_Task instructions_. I would like the lines below, from the one with "Armonika Kadın Krem" through the one with "Tổng thống Trump khuyên Ukraine không nên tấn công Moscow Tổng", copied exactly and without any pictures.

_Information shown_.

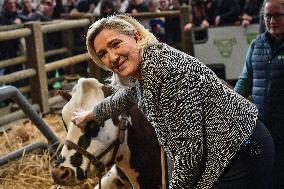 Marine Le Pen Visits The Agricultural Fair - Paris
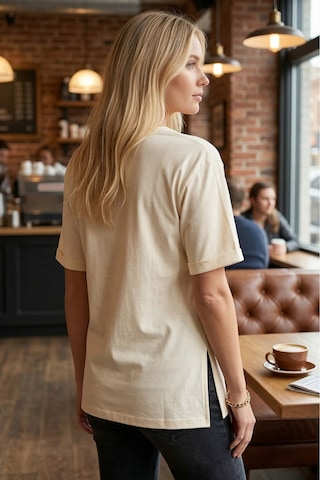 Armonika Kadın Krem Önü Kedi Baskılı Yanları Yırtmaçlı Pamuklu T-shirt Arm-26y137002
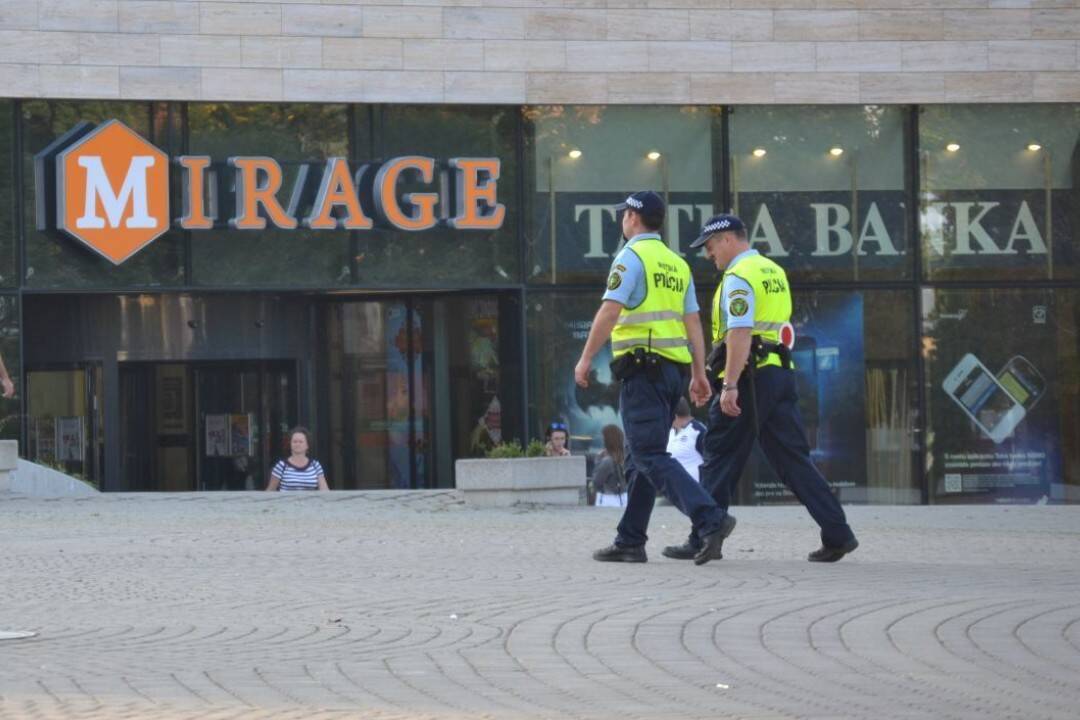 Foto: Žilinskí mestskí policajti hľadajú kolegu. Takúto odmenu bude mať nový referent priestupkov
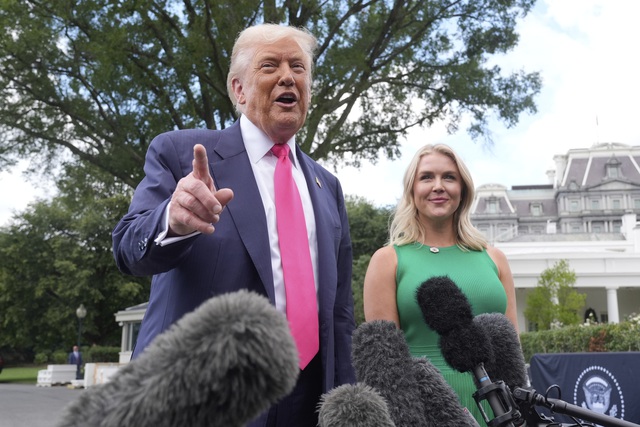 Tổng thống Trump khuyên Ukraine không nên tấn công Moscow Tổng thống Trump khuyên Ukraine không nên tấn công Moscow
--
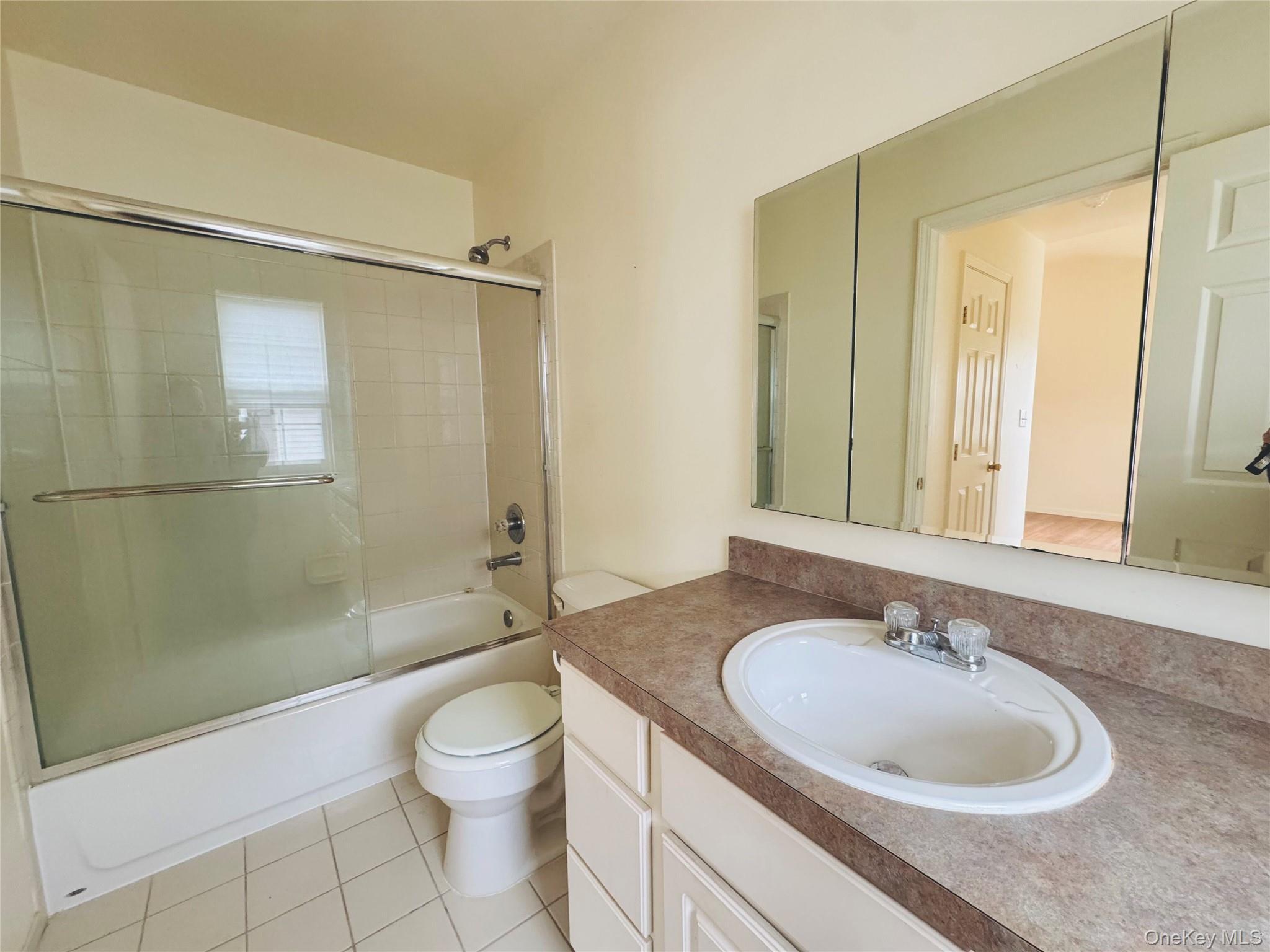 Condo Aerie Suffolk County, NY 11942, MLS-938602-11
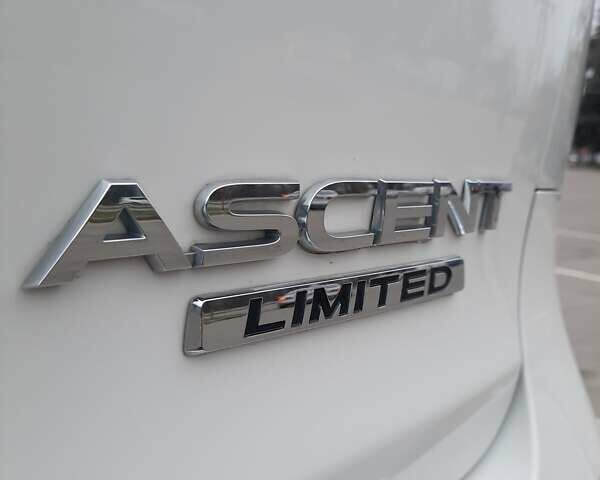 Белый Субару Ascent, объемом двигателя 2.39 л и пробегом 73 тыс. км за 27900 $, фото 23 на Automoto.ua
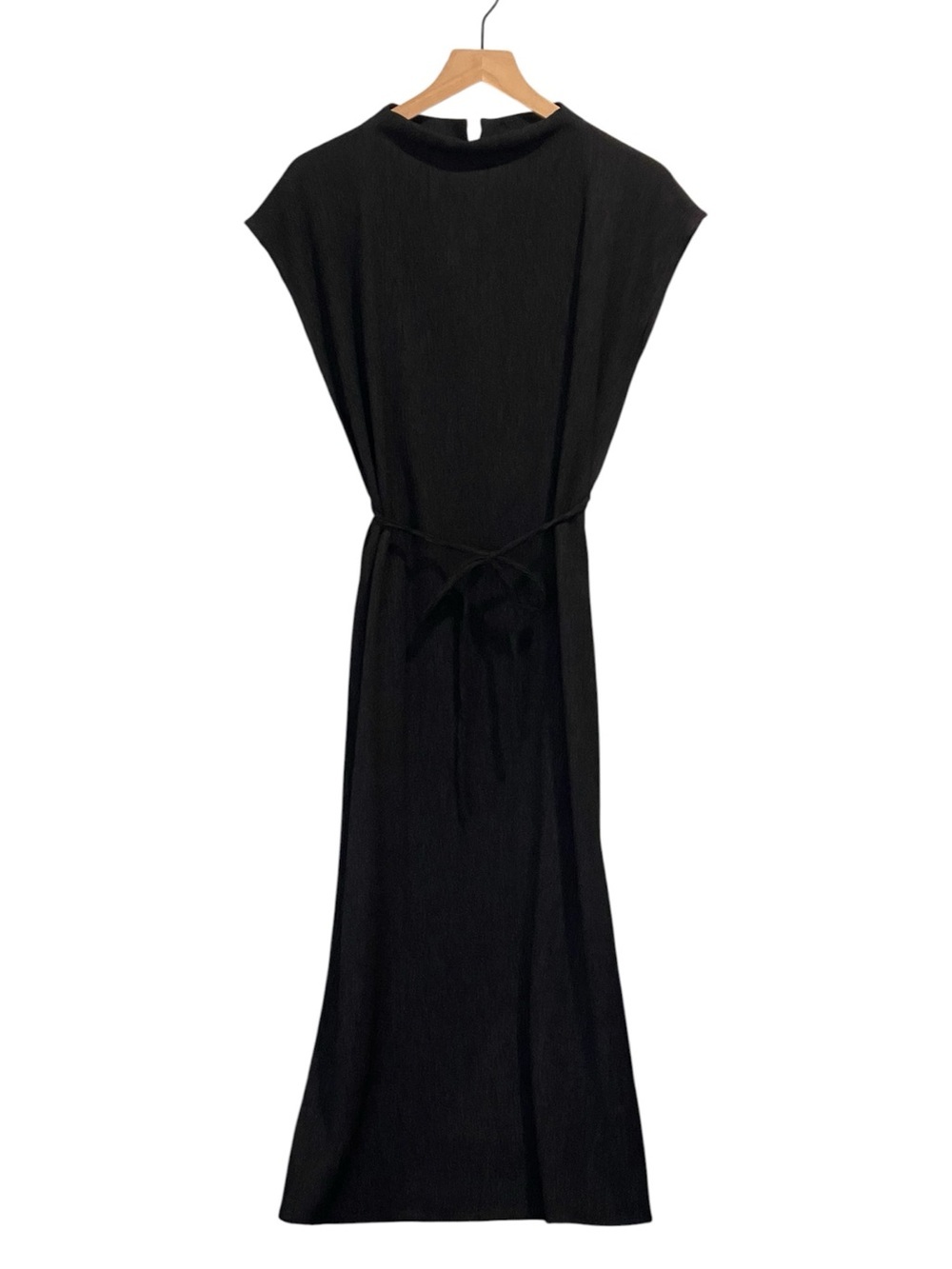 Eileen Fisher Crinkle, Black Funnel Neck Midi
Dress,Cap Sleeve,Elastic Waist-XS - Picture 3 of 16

_Answer to the exercise_.
 Armonika Kadın Krem Önü Kedi Baskılı Yanları Yırtmaçlı Pamuklu T-shirt Arm-26y137002
 Foto: Žilinskí mestskí policajti hľadajú kolegu. Takúto odmenu bude mať nový referent priestupkov
 Tổng thống Trump khuyên Ukraine không nên tấn công Moscow Tổng thống Trump khuyên Ukraine không nên tấn công Moscow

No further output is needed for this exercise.